Cond operations allocate zero heap memory in the common path:

  • NewCond allocates one *sync.Cond (heap).
  • Wait allocates one sudog from a free list (acquireSudog reuses from a pool).
  • Signal and Broadcast allocate nothing.

The sudog pool is per-P (per scheduler-processor), so contention on the pool is minimal. Repeated Wait calls on the same Cond recycle sudogs through the pool.

The Go compiler does not inline Wait, Signal, or Broadcast — they call into the runtime, which is across the inlining boundary. Each call is a real function call. The cost of an uncontended Signal is dominated by the atomic load and the function call; under contention the cost grows with the wait list scan.


Why the Discipline Rules Exist

Now the rules make sense:

"Hold the lock around Wait"

Wait calls c.L.Unlock(). If the lock isn't held, the unlock panics. The lock also provides the memory edge for state visibility.

"Hold the lock around Signal"

Without the lock, a waiter could re-check the predicate, find it false, park; meanwhile our state change was already done. The signal then fires to a waiter who just parked and missed it. Holding the lock around the state change and the signal collapses this window.

"Use a for loop"

The runtime's notifyListWait may return spuriously (it does not, in current versions, but the API permits it). More importantly, between the signal that woke us and our re-acquisition of cond.L, another waiter may have taken the lock and consumed the state change. Re-checking the predicate is mandatory.

"Use *sync.Cond, not value"

copyChecker panics if the Cond is at a different address than first use. noCopy triggers go vet. A copied Cond has an empty wait list and parks waiters that nobody will signal.

"Use Broadcast for class-of-state changes"

Multiple waiters with different predicates might all be waiting on cond.L. A Signal wakes exactly one; the wrong predicate may be picked. Broadcast wakes all; each re-checks; the right one proceeds.

"Use one Cond per predicate"

Same reason: a single Cond for two predicates means every signal wakes waiters of both predicates, half of whom re-park. Inefficient.


Summary

sync.Cond is approximately 100 lines of user-space code on top of notifyList and four runtime functions. The notifyList is a ticket-and-linked-list wait queue. The ticket mechanism prevents lost wake-ups: tickets allocated under cond.L are observed by Signal via l.notify, so a Signal that fires "before" the Wait parks still notifies the right ticket.

The memory model is built on the user's mutex cond.L. Holding the lock around state changes and signals provides the happens-before edge that makes the data visible to the waker.

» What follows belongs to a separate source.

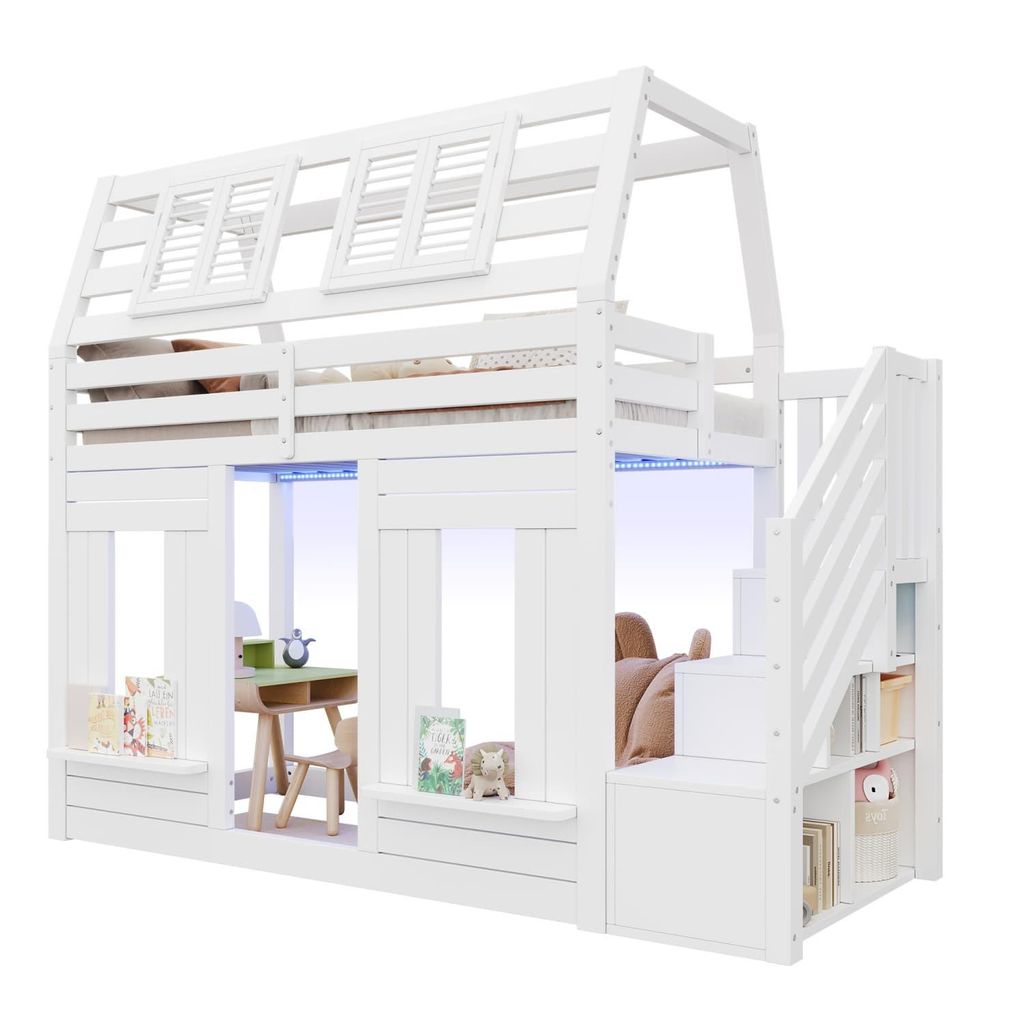 Etagenbett, Hochbett, Kinderbett, Holzbett, Hausbett 90x200cm mit LED, Rausfallschutz und Stauraumtreppe, Fenster-Form, weiß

The runtime ultimately calls into OS primitives (futex on Linux, pthread_cond_wait elsewhere) only when a thread truly needs to block. The hot path is fast: an atomic increment, a list-head check, a wakeup.

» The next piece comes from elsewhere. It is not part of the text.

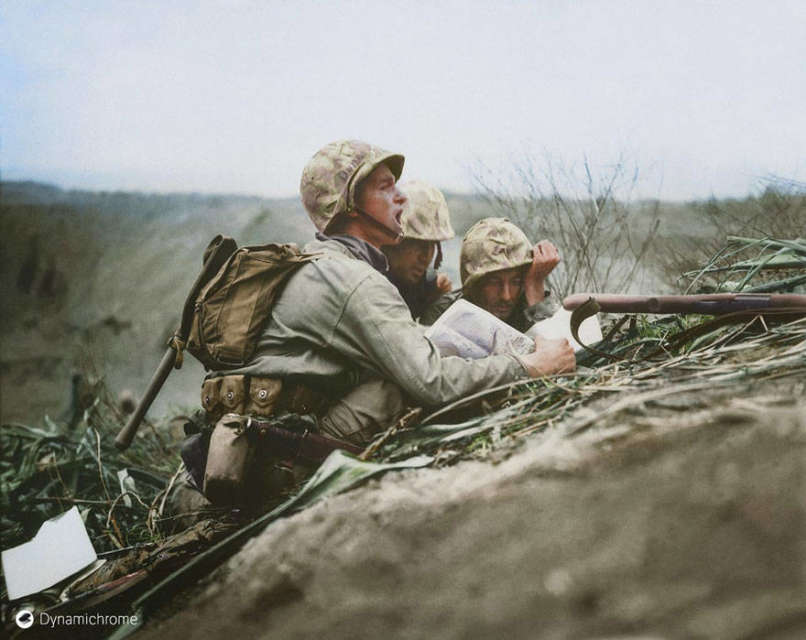 Observers on Iowa Jima in February in 1945 COLOR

Most of the discipline rules — for loop, lock-around-signal, never-copy — are direct consequences of the implementation. Once you have read the source, the rules feel inevitable.

For day-to-day code, the lesson is the same as at the senior level: prefer channels. Cond is the small, sharp tool when channels don't fit, and the runtime makes it reasonably fast — but the implementation does not magically prevent misuse, and Go's channel primitives offer similar performance with much friendlier ergonomics.